Government Spokesperson Felix Kwakye Ofosu has indicated that the government may be forced to review fuel taxes and levies as rising global oil prices put excessive pressure on Ghanaian consumers.
Speaking in an interview, Mr. Kwakye Ofosu explained that fuel pricing in Ghana is determined by three key factors: international market prices, taxes and levies, and the exchange rate.
He noted that while global oil prices are beyond the government’s control, authorities retain the ability to adjust domestic tax components to cushion the impact on Ghanaians.
According to him, any such intervention would be considered only if external shocks—such as a prolonged conflict in the Middle East—lead to sustained increases in fuel prices on the world market.
“If the world market price rises to a point where it imposes too much of a burden, the government will have to keep the other components flexible to cushion the effect,” he stated.
Mr. Kwakye Ofosu stressed that the potential review of fuel taxes is not automatic but will depend on how geopolitical developments evolve and the extent to which they influence global oil prices.
His comments come amid growing concerns that escalating tensions in the Middle East could disrupt supply chains and drive-up crude oil prices, with ripple effects on fuel costs in import-dependent economies like Ghana.
Fuel prices are already set to rise sharply from April 1, 2026, with petrol and diesel expected to surge at the pumps.
Mr Kwakye Ofosu stressed that any move by the government would be guided by developments on the global market, especially the impact of geopolitical tensions on crude oil prices.
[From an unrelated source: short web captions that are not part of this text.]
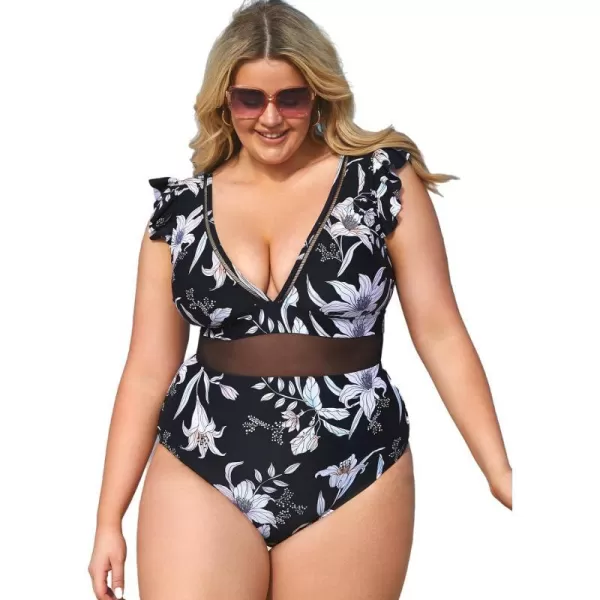 Black/ Floral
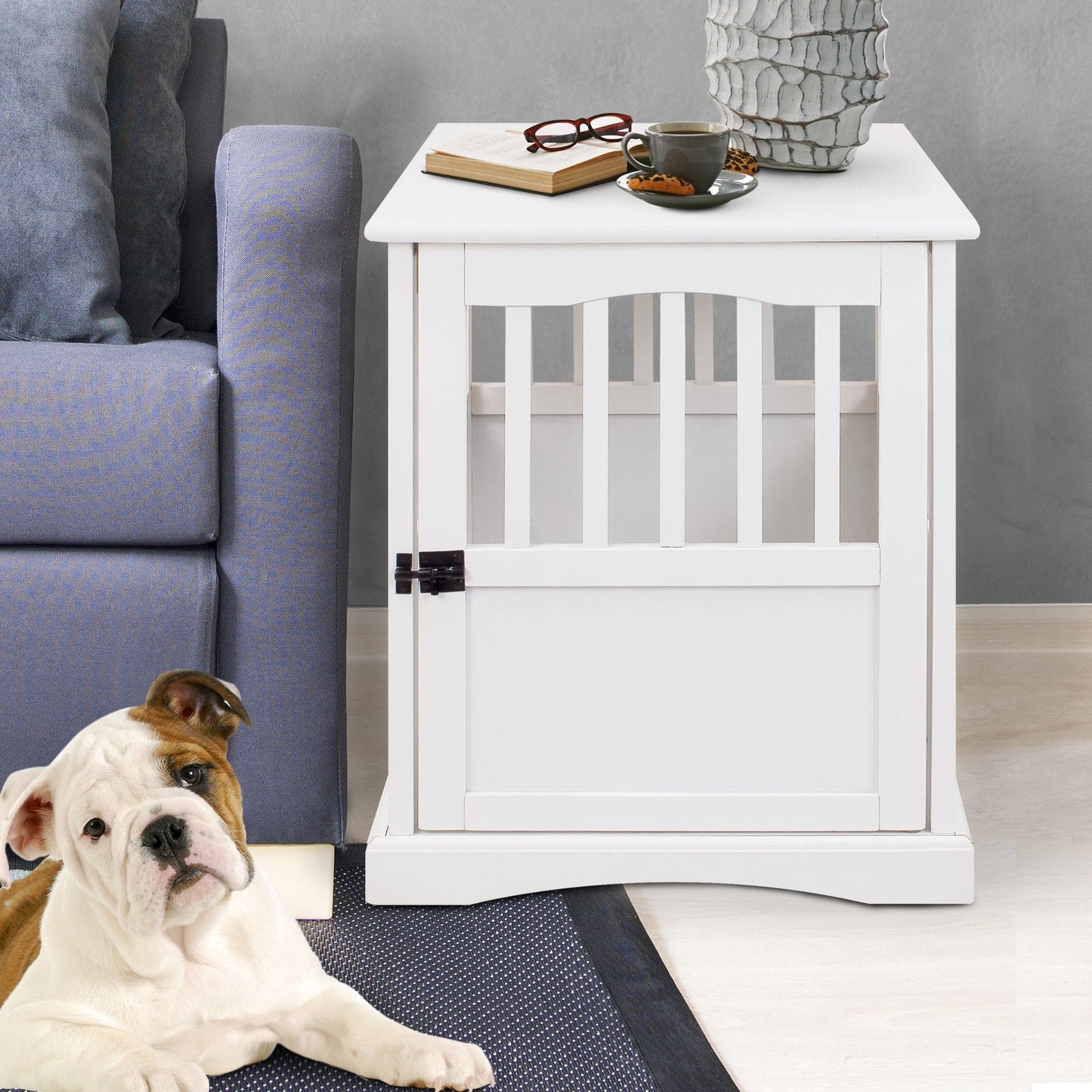 Table d'appoint en bois blanc avec cage pour animaux et porte verrouillable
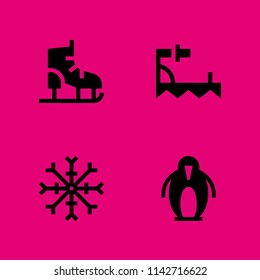 winter icon set. snowflake, crampons and penguin vector icon for graphic design and web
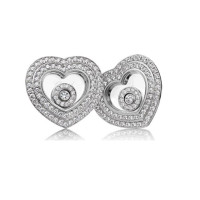 Chopard Happy Diamonds Hearts 18K White Gold 2 Row Diamond Earrings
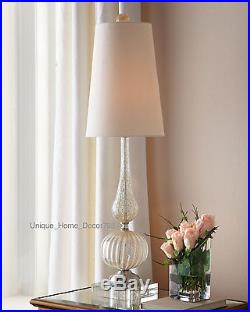 PAIR- New Venetian Glass Buffet Table Lamp Set Murano Living Room Bedroom Office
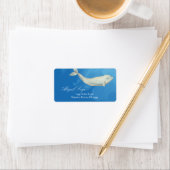 Prachtige Waterverf Beluga Whale Adres Etiket (Insitu)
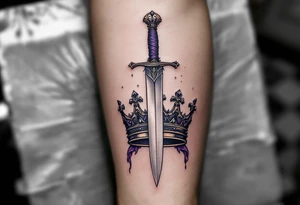 A dagger and scepter crossing over a shared crown, shaded in steel gray and regal purple. tattoo idea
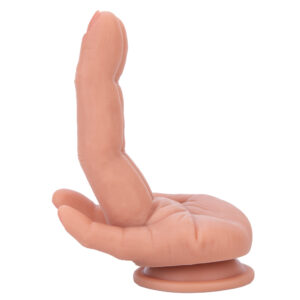 Hand-Shaped Silicone Dildo with Finger & Suction Cup 17CM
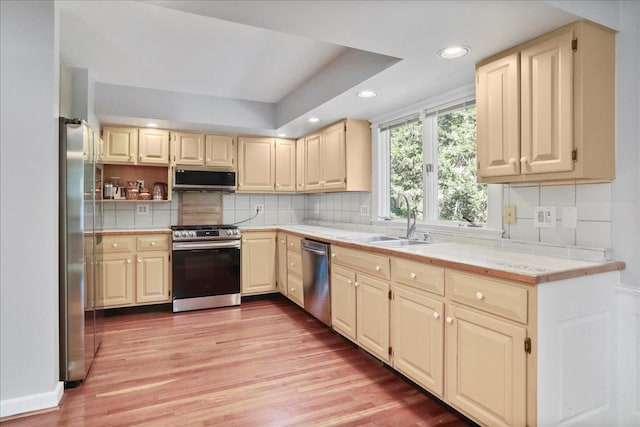 162 Hartman Ct, Mcgaheysville, VA 22840 - kitchen with appliances with stainless steel finishes, light countertops, light wood-style floors, tasteful backsplash, and recessed lighting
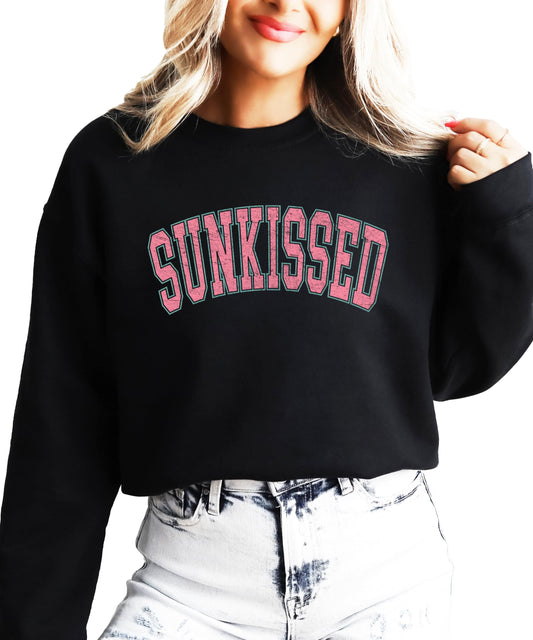 Close-up view of Sunkissed sweatshirt showing detailed print quality and fabric texture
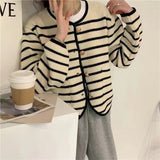 Women Knitwear Spring and Autumn Vintage Stripe Loose Knitted Cardigan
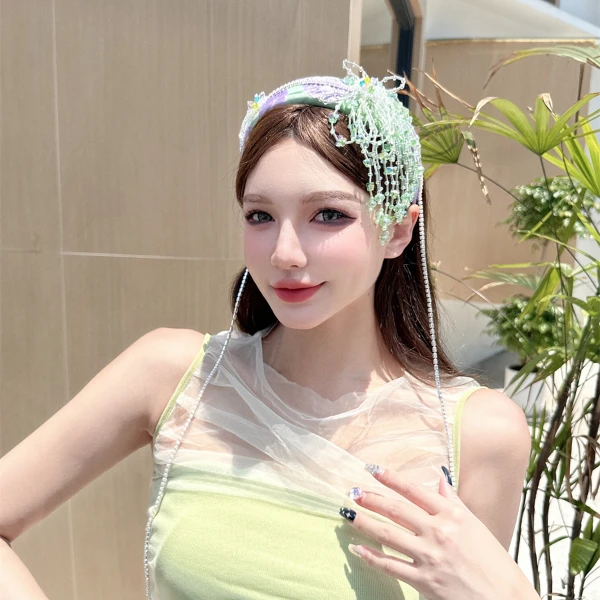 CREAMPP 原创清新肌理提花薄荷曼波流苏串珠甜美发饰优雅宽边发箍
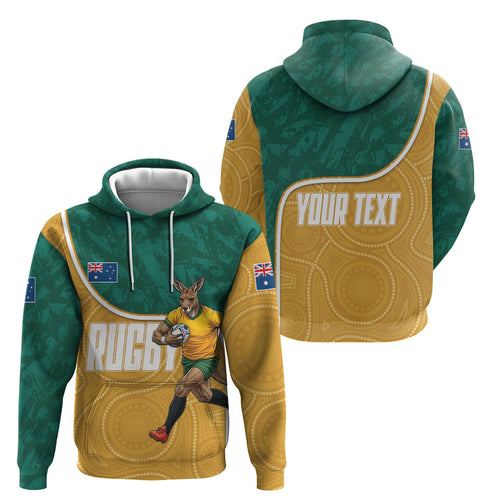 Personalised Australia Rugby Hoodie Wallabies Kangaroo Player Aboriginal Pattern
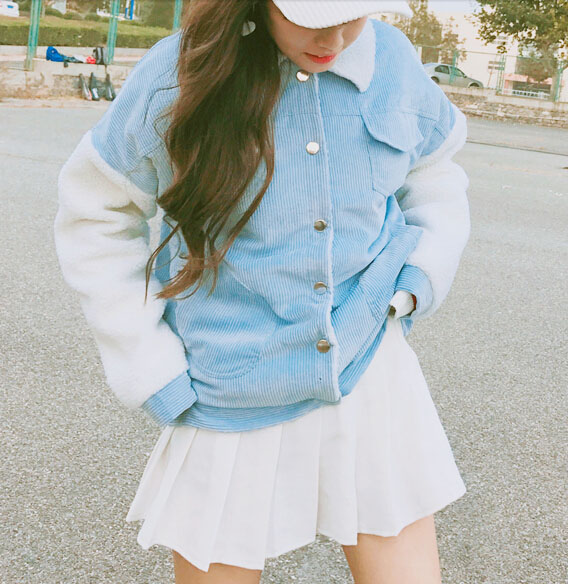 baby blue borg jacket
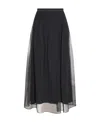Brunello Cucinelli Embellished Pleated Silk Midi Skirt In Black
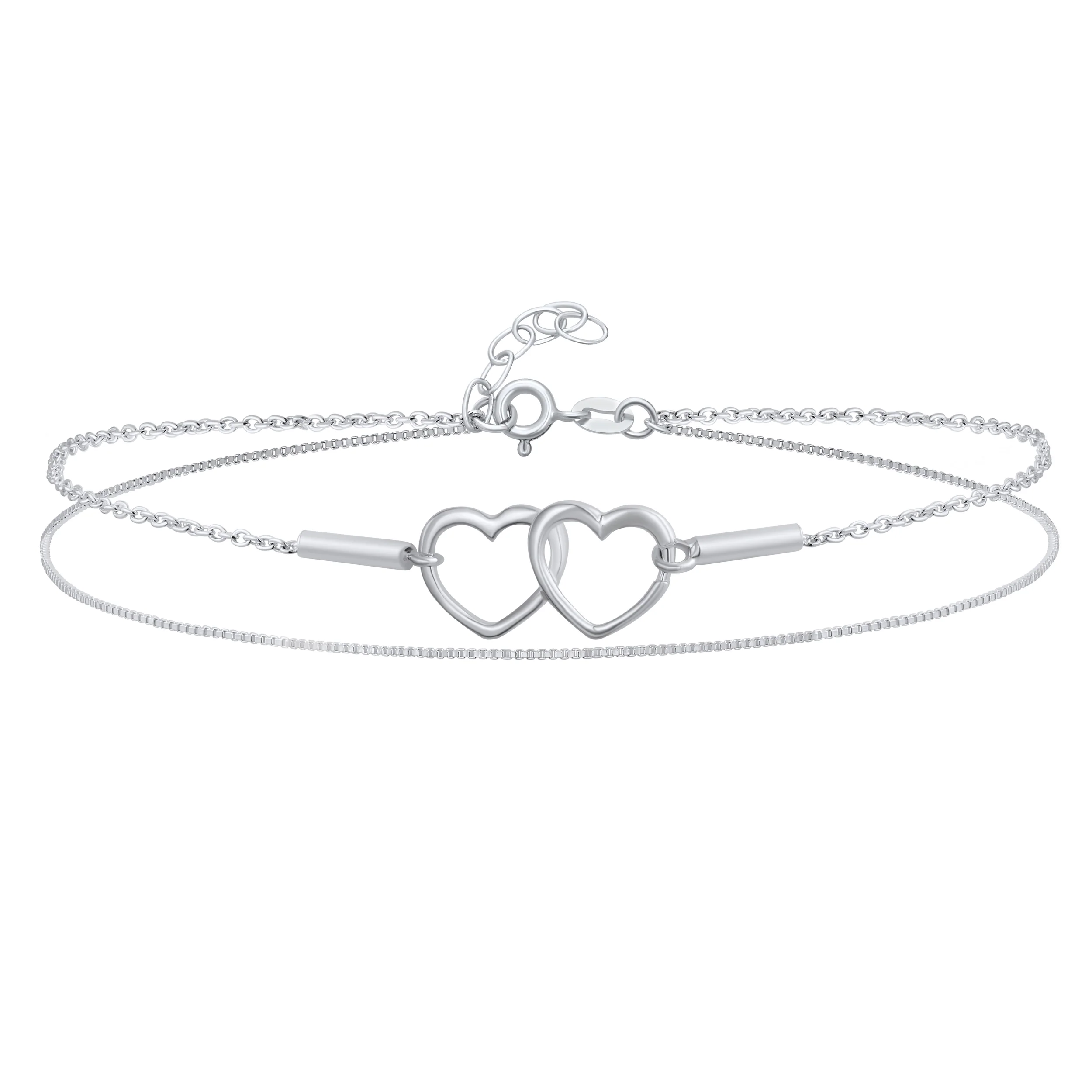 Interlocking Open Hearts Double Strand Chain Anklet Ankle Bracelet Sterling Silver Adjustable 9 To 10 Inch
“All considerations are on the table, but it will depend on developments,” he said.
According to him, the decision will ultimately be based on what best cushions consumers while balancing the state’s fiscal needs.
Meanwhile, some Oil Marketing Companies (OMCs) have increased fuel prices ahead of the official April pricing window, following the National Petroleum Authority’s (NPA) introduction of new minimum price floors.
Leading industry player Ghana Oil Company (GOIL) announced that petrol prices have risen from GH¢12.24 to GH¢13.30 per liter, while diesel has risen from GH¢15.69 to GH¢17.10 per liter.
The company indicated in a social media post that the adjustments were influenced by the NPA’s revised price floor directive issued on March 30, 2026.
The official pricing window under Ghana’s deregulated petroleum pricing regime runs from April 1 to April 15, 2026. However, GOIL’s early move suggests OMCs are already aligning with the new regulatory thresholds.
Another major player, Star Oil, has also implemented price increases effective 8:00 a.m. on March 31. Petrol prices have gone up from GH¢12.19 to GH¢13.49 per liter, while diesel has risen from GH¢14.25 to GH¢17.97 per liter.
New Price Floors Introduced
In a circular dated March 30, the NPA announced revised minimum price floors for petroleum products for the upcoming pricing window. The new floors are as follows:
Petrol: GH¢13.30 per liter (up from GH¢11.57)
Diesel: GH¢17.10 per liter (up from GH¢14.35)
Liquefied Petroleum Gas (LPG): GH¢10.71 per kilogram (up from GH¢10.67)
The directive requires all OMCs and LPG Marketing Companies to comply strictly with the set minimum prices.
According to the NPA, the price floors exclude premiums charged by International Oil Trading Companies and the operating margins of Bulk Import, Distribution and Export Companies (BIDECs) and OMCs, which are determined independently.
Implications for Consumers
From April 1, no OMC or LPG Marketing Company will be permitted to sell fuel below the approved price floors. Companies currently pricing below these levels are required to adjust immediately.
As a result:
Petrol cannot be sold below GH¢13.30 per liter
Diesel cannot be sold below GH¢17.10 per liter
The development is expected to lead to uniformity in fuel pricing across the market, with all major OMCs likely to align with the new thresholds.
Industry Outlook
While the NPA maintains that the price floor is necessary to ensure stability in the downstream petroleum sector, some industry players have argued that the policy limits competitive pricing, which could otherwise offer consumers some relief.
With the new pricing regime set to take full effect from April 1, consumers are expected to experience higher fuel costs in the coming weeks as OMCs adjust to the revised framework.